The last time I got up before dawn to wait in a long line, I was in high school in New Jersey.
I spent that dark morning with hundreds of other teenagers shivering in the snow as we waited for tickets to a U2 concert at Madison Square Garden to go on sale. That was in the late ’80s.
Fast forward 20 years. This time I was waiting in the dark for something far less exciting than concert tickets — the H1N1 vaccine. My 4-year-old daughter fell into the category of people who could receive the nasal vaccination today at several North Georgia health departments.

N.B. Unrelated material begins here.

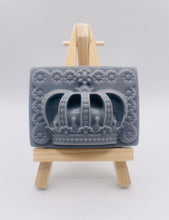 Load image into Gallery viewer, Handmade vegan soaps featuring a detailed crown. crafted with natural French clays, activated charcoal and essential oils. a eco-friendly, zero waste gift that’s cruelty-free, skin-nourishing, and perfect for royal décor gifts and Mother’s Day. small business UK elegantly wrapped in eco-friendly packaging.
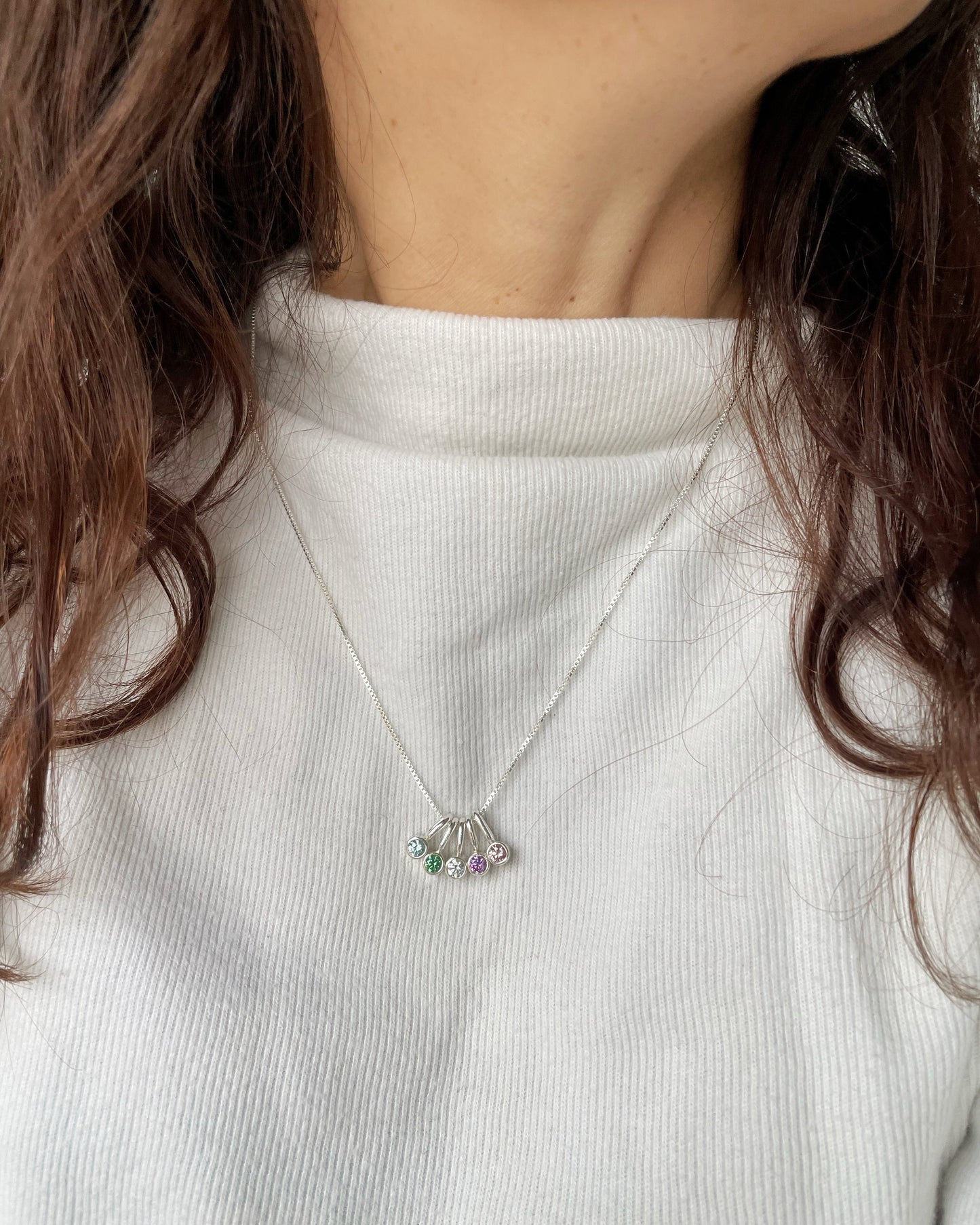 Mini Charm Punto de Luz de plata con circón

I don’t consider myself a panicky parent, but I have to admit recent news reports of a local child who died from the H1N1 virus, also known as swine flu, left me cold. The 7-year-old girl had no known underlying health problem, health officials said at the time of her death.
So when FluMist, the nasal vaccine, became available, I woke my daughter up earlier than usual and drove her to the Catoosa County Health Department to wait in line. At least, I expected to wait in line.
It was still dark when we arrived, and the lights at the health department were not yet on. I wondered if I had the wrong day. Where were the crowds? Isn’t this a pandemic? Where was the long line?
I has expected it to feel like the day after Thanksgiving at Target with moms and dads elbowing each other for a slot in line.
Things were far more calm. For a while, my daughter and I were the only people in line.
By the time the health department opened at 8 a.m., about 10 families were queueing up.
Fewer than 50 children had been vaccinated in Catoosa County by Thursday afternoon.
Because my daughter and I were first in line, it didn’t take long before it was her turn to get the nasal mist. It wasn’t nearly as traumatic as a regular shot can be for a tot.
“Feels tickly,” she said after the nurse squirted the vaccine into her nostrils.
That was it. No tears. No Band-Aids. No bribing with a lollipop to get her to stop crying.
We’ll be back in six weeks for a booster. But we won’t be getting up before the sun.